Fix: Enforce a process where alerts must be acknowledged with a ticket or remediation action. Use runbooks linked to alerts.
Production Bundle
Action Checklist
Decision Matrix
| Scenario | Recommended Approach | Why | Cost Impact |
|---|
| High-throughput API Gateway | Prometheus + OTel Metrics + Grafana | Low overhead, high query flexibility for rates/histograms. | Low |
| Complex Distributed Transaction | Distributed Tracing + Tail Sampling | Essential for root cause across service boundaries. | Medium/High |
| Batch Processing / ETL | Custom Metrics + Dead Man Switches | Latency is less critical; completion and data integrity matter. | Low |
| Multi-tenant SaaS | SLOs per Tenant Tier | High-value tenants require stricter SLAs and alerting. | Medium |
| Legacy Monolith Migration | Strangler Fig + Dual Instrumentation | Maintain visibility during transition; compare old vs new metrics. | Medium |
Configuration Template
Prometheus SLO Burn Rate Alerting Rules
Copy this configuration to implement standard 4-burn-rate alerting for a 99.9% availability SLO over a 28-day window.
groups:
- name: payment-service-slo
rules:
# 1. Recording Rules: Calculate error budget burn rates
- record: slo:error_budget_burn_rate:1h
expr: |
(
sum(rate(http_requests_total{job="payment-service", status=~"5.."}[1h]))
/
sum(rate(http_requests_total{job="payment-service"}[1h]))
) / (1 - 0.999)
- record: slo:error_budget_burn_rate:6h
expr: |
(
sum(rate(http_requests_total{job="payment-service", status=~"5.."}[6h]))
/
sum(rate(http_requests_total{job="payment-service"}[6h]))
) / (1 - 0.999)
- record: slo:error_budget_burn_rate:1d
expr: |
(
sum(rate(http_requests_total{job="payment-service", status=~"5.."}[1d]))
/
sum(rate(http_requests_total{job="payment-service"}[1d]))
) / (1 - 0.999)
- record: slo:error_budget_burn_rate:3d
expr: |
(
sum(rate(http_requests_total{job="payment-service", status=~"5.."}[3d]))
/
sum(rate(http_requests_total{job="payment-service"}[3d]))
) / (1 - 0.999)
# 2. Alerting Rules: Define thresholds based on burn rate multiples
# Fast Burn: 14.4x burn rate over 1h (consumes 2% of budget in 1h)
- alert: SLOFastBurn
expr: slo:error_budget_burn_rate:1h > 14.4
for: 2m
labels:
severity: critical
page: "true"
annotations:
summary: "Payment Service SLO burn rate critical"

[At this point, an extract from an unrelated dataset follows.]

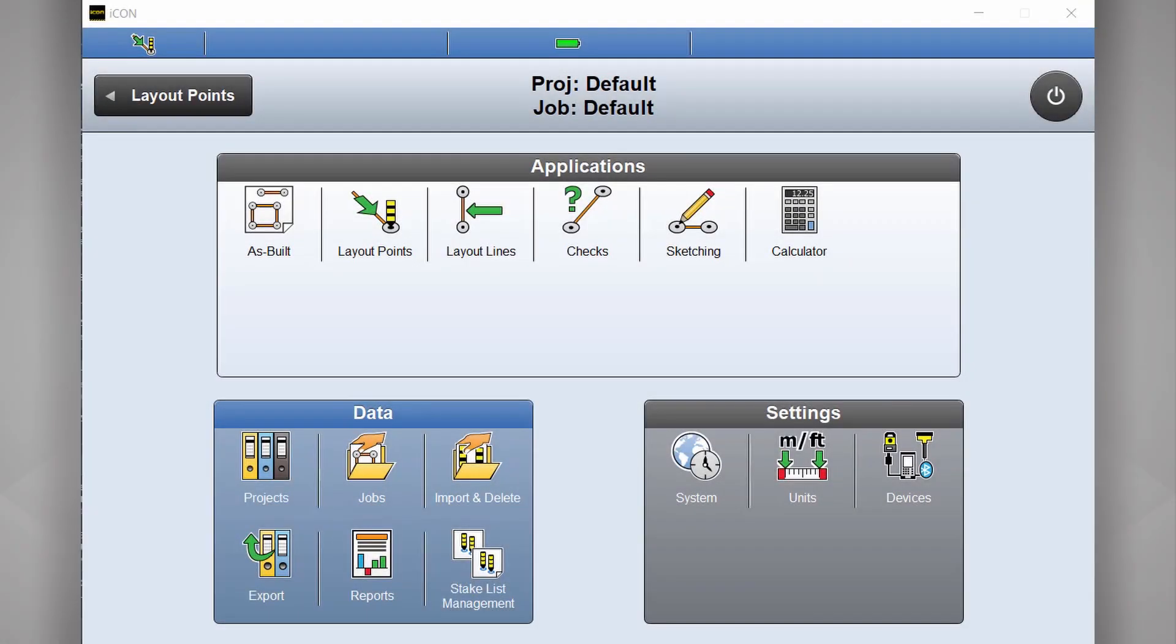Hi, this is Daniel from CR Kennedy, the Leica Icon distributor here in Australia.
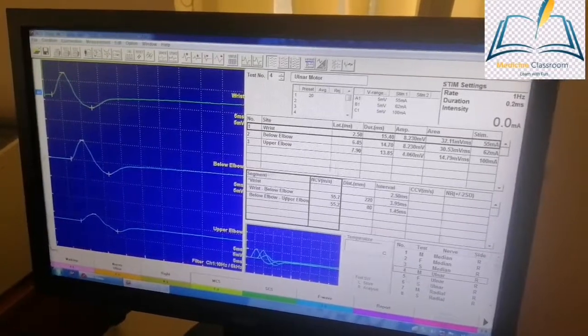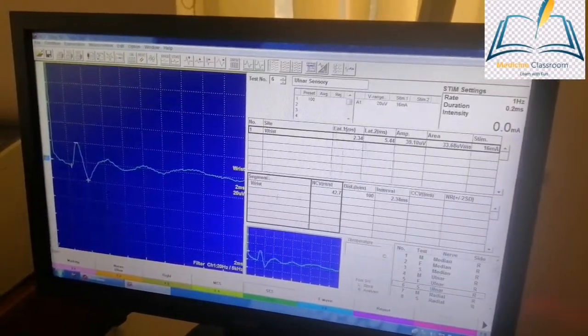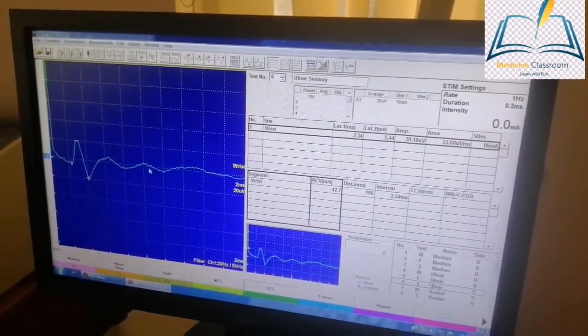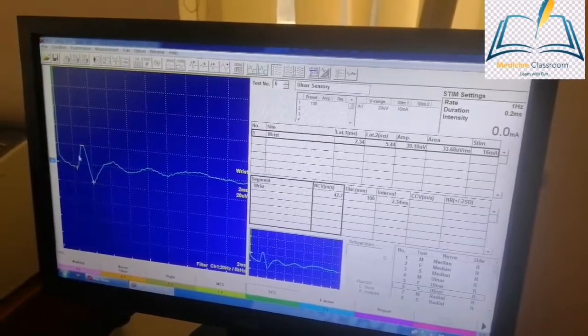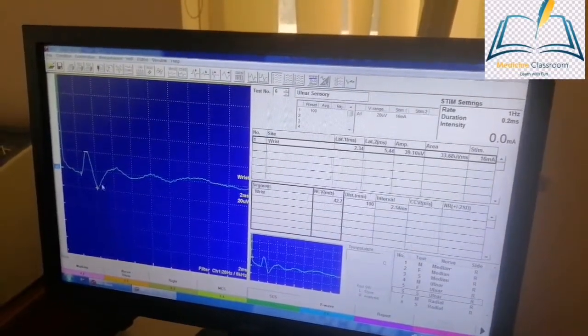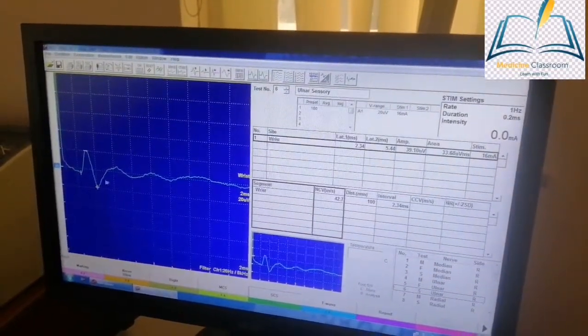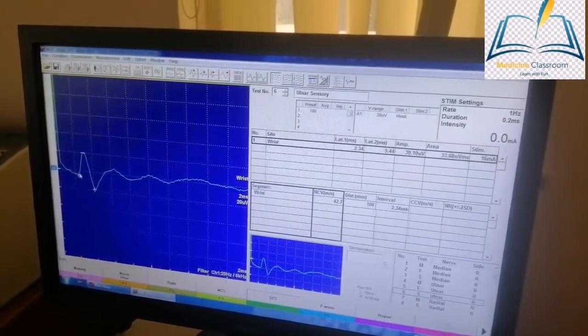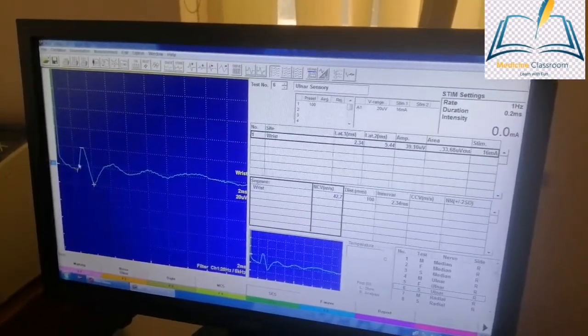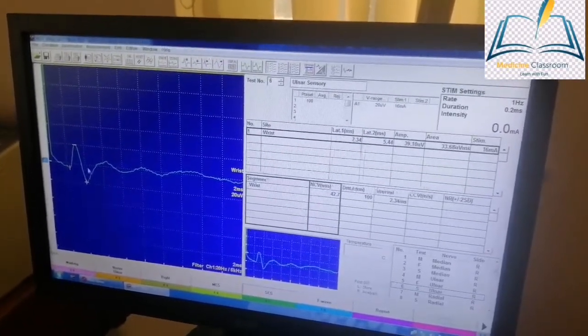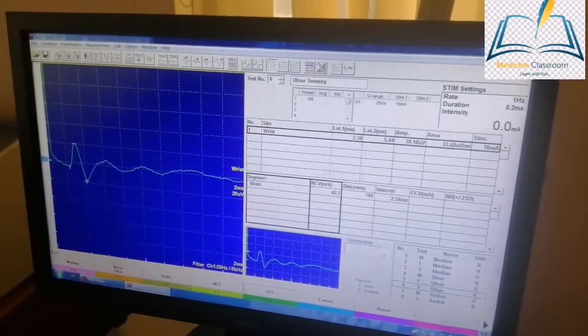Let us see the sensory study of the ulnar nerve. You can see there is a very nice sensory nerve action potential and it's normal for the ulnar nerve. Usually in a patient with GBS, sensory findings are usually normal.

description: "Error budget is being consumed at 14.4x rate. 2% of budget lost in 1 hour."
# Slow Burn: 3x burn rate over 6h (consumes 2% of budget in 6h)
- alert: SLOSlowBurn
expr: slo:error_budget_burn_rate:6h > 3
for: 15m
labels:
severity: warning
ticket: "true"
annotations:
summary: "Payment Service SLO burn rate elevated"
description: "Error budget is being consumed at 3x rate. Investigate during business hours."
Quick Start Guide
- Install OTel Dependencies:
npm install @opentelemetry/sdk-node @opentelemetry/auto-instrumentations-node @opentelemetry/exporter-trace-otlp-proto @opentelemetry/exporter-metrics-otlp-proto
- Initialize SDK in Entry Point:
Add the initialization code from the Core Solution to your application's startup file. Ensure
NODE_ENV=production is set for correct resource attributes.
- Deploy OTel Collector:
Run the OpenTelemetry Collector as a sidecar or daemonset. Configure the
tail_sampling processor and otlp receivers/exporters pointing to your backend (e.g., Grafana Cloud, Datadog, or self-hosted Prometheus/Tempo).
- Verify Data Flow:
Generate traffic to your service. Query your backend for
http_requests_total metrics and verify traces appear in the trace explorer with correct service names and spans. Confirm trace_id appears in log entries.